*** PROVIDED MATERIAL Section Begins ***
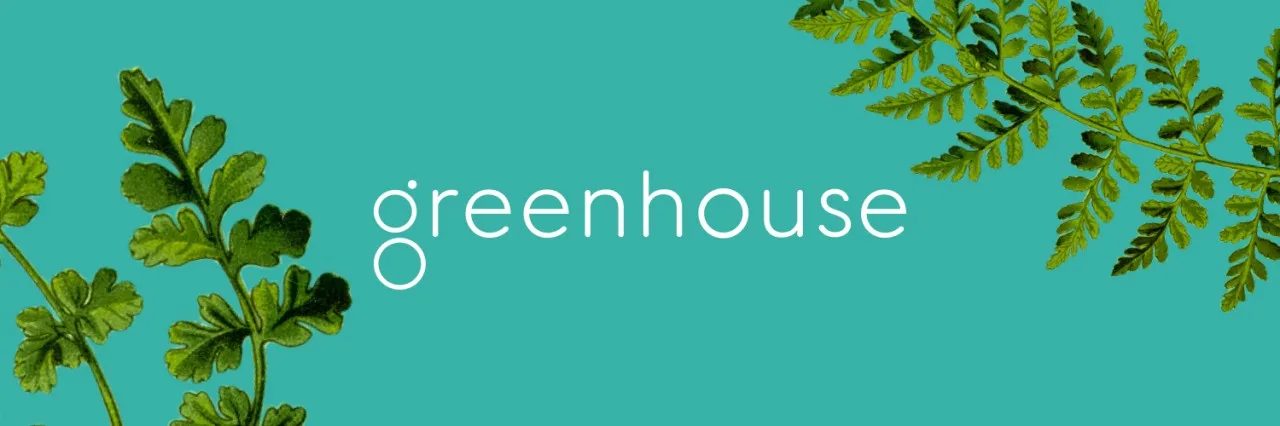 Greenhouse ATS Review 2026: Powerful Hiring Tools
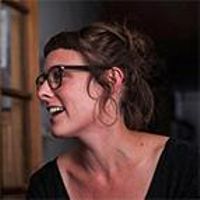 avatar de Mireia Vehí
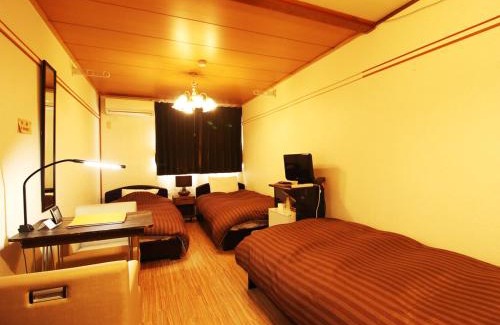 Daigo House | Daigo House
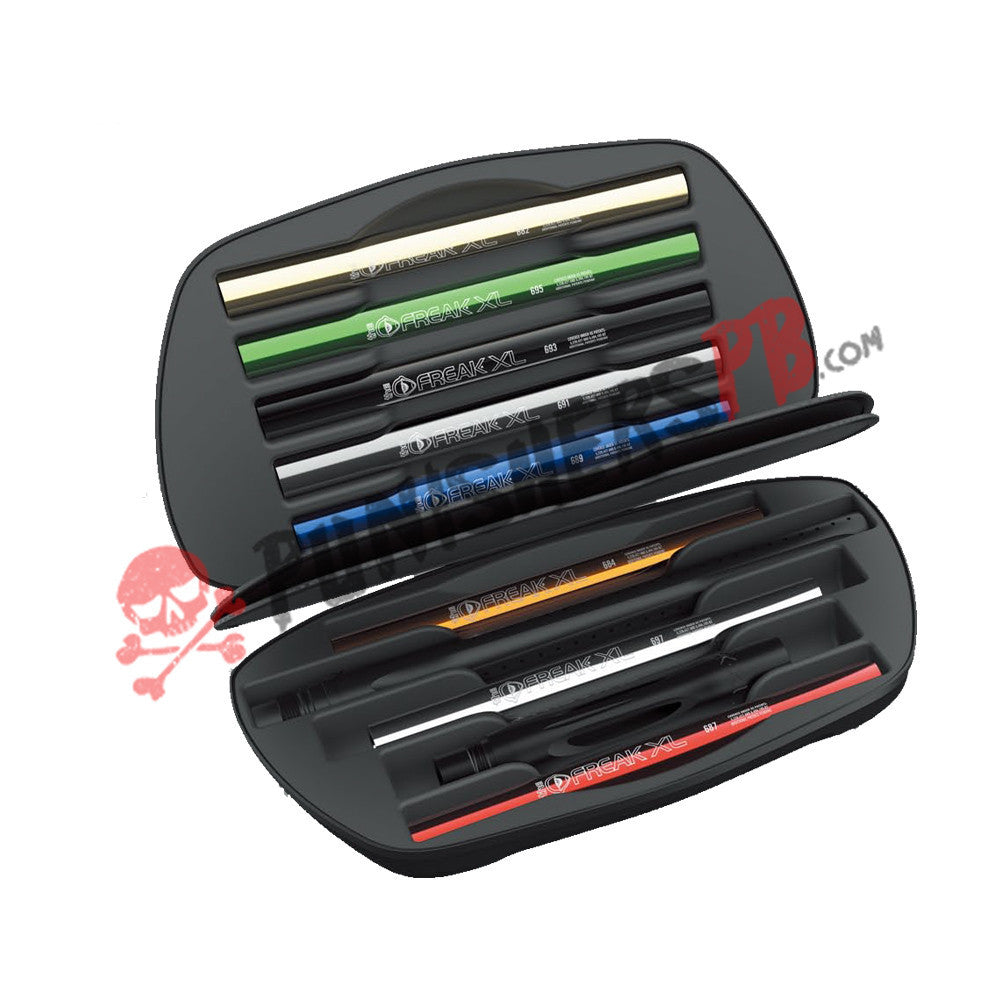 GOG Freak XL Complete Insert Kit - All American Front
*** PROVIDED MATERIAL Section Ends ***
TASK REQUIREMENTS →
Please return the full listing exactly as given, with the images left out.

TASK RESPONSE →
 Greenhouse ATS Review 2026: Powerful Hiring Tools
 avatar de Mireia Vehí
 Daigo House | Daigo House
 GOG Freak XL Complete Insert Kit - All American Front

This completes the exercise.